Observing the results previously presented in Table 3, there was a tendency for the models to perform better with an input size of 1280×1280 px when compared to the standard input size of 640×640 px, which supports the possibility of information being lost in smaller images due to the reduced size of the nodes. Due to this characteristic, it was considered advantageous to use this larger input size on the developed models, which demonstrated performance improvements. Figure 5 shows a comparison of the F1-Score values from the four YOLO models analysed on the different datasets used, considering an input size of 1280×1280 px.

Despite these performance differences between the used versions, all the models were capable of detecting grapevine’s nodes successfully. Furthermore, it was possible to observe that on the 3D2cut Single Guyot dataset [11], the four models achieved F1-Score values of above 80 %, despite the input size used. Meanwhile, on both Dão and Douro datasets, the highest F1-Score values were around 70 %. However, since the objective of this study is to further implement a perception algorithm on a robotic system capable of performing pruning tasks autonomously, not only is crucial to analyse the models’ accuracy and their adaptability to different real case scenarios, but also how much time they take to complete the inference.
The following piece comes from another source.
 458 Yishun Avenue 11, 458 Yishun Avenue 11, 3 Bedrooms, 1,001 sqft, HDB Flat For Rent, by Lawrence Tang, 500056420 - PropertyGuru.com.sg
4.1. Adaptability to Different Grapevine’s Configurations And Environments

As expected, the models’ inference performance was considerably higher on the 3D2cut Single Guyot dataset [11], where all the models presented a similar detection capability, as seen in Figure 6. This behaviour occurs not only because this set was constituted of images similar to the ones used for training, but also due to the amount of additional information on the background of the Dão and Douro datasets, which induced the occurrence of some false positive detections on the background of the images.
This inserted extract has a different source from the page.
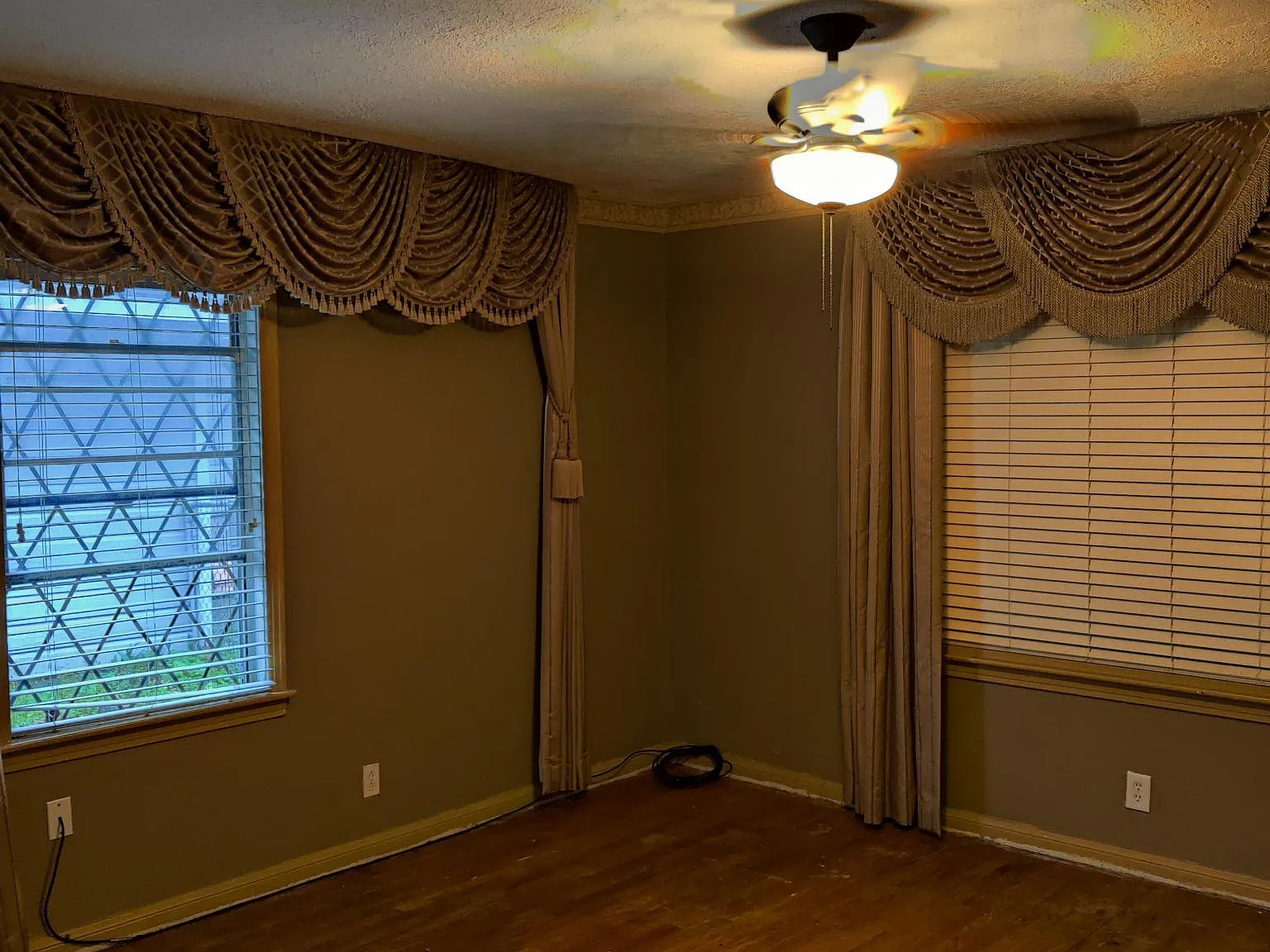 5 bed, 2738 sqft, $1,995 — Photo 2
In both of these other two datasets (Dão and Douro) was possible to notice that the YOLOv7-tiny achieved higher F1-Score values than the other three models, being this difference more noticeable on these datasets in comparison to the results obtained on the 3D2cut Single Guyot dataset [11]. Furthermore, despite YOLOv8s being the second best performing model on Dão dataset, the performance changes significantly on Douro dataset, in which this model presents varying results according to the input size used, resulting in lower F1-Score values for input size of 640×640 px. Despite the Precision of YOLOv10-S being usually higher than the other models on the Portuguese datasets, the Recall was lower, specially when considering an input size of 640×640 px. This allowed to notice that when using the YOLOv10-S, despite not occurring many false positives, the model presents more difficulties in detecting small objects on each frame, ignoring a few nodes in the image. This behaviour makes it less valuable for the intended task than the other models analysed, since this behaviour results in a considerable amount of nodes not being considered as such.

Furthermore, when comparing the results obtained between the two datasets without artificial background, the Douro dataset resulted in less accurate detections by the models than the Dão dataset. Analysing the images present in each one, it is possible to observe what features might be causing this discrepancy. The grapevines on Dão dataset, despite having a structure different from the grapevines on the images of the training dataset, distinguishing each cane on the plant is still easily feasible. Meanwhile, on Douro dataset, the grapevines have more canes overlapped, being sometimes more difficult to distinguish the primary canes and also resulting in nodes to be occluded by nearby branches, as can be observed in Figure 7.

Regarding the annotations performed on the 3D2cut Single Guyot dataset [11], only the nodes on the primary canes of the centred grapevine on the image were selected. The same logic was implemented on the construction of the ground truth for the Dão and Douro image sets. However, the models also detected a few nodes on canes in adjacent grapevines that slightly appeared on the images captured. This consequently resulted in these detections being considered as false positives, which is not entirely wrong since the nodes do not belong to the focused grapevine, but they are correctly assumed as being nodes. Although these situations slightly affect some of the images, they were not considered relevant for the overall performance of the models in detecting nodes on these datasets, since only happened on a few cases. Furthermore, on these sets of images taken in open field, the pictures captured on a bottom-to-top perspective are preferable to achieve better results. This approach helped reduce the background information, resulting in less false positives detected.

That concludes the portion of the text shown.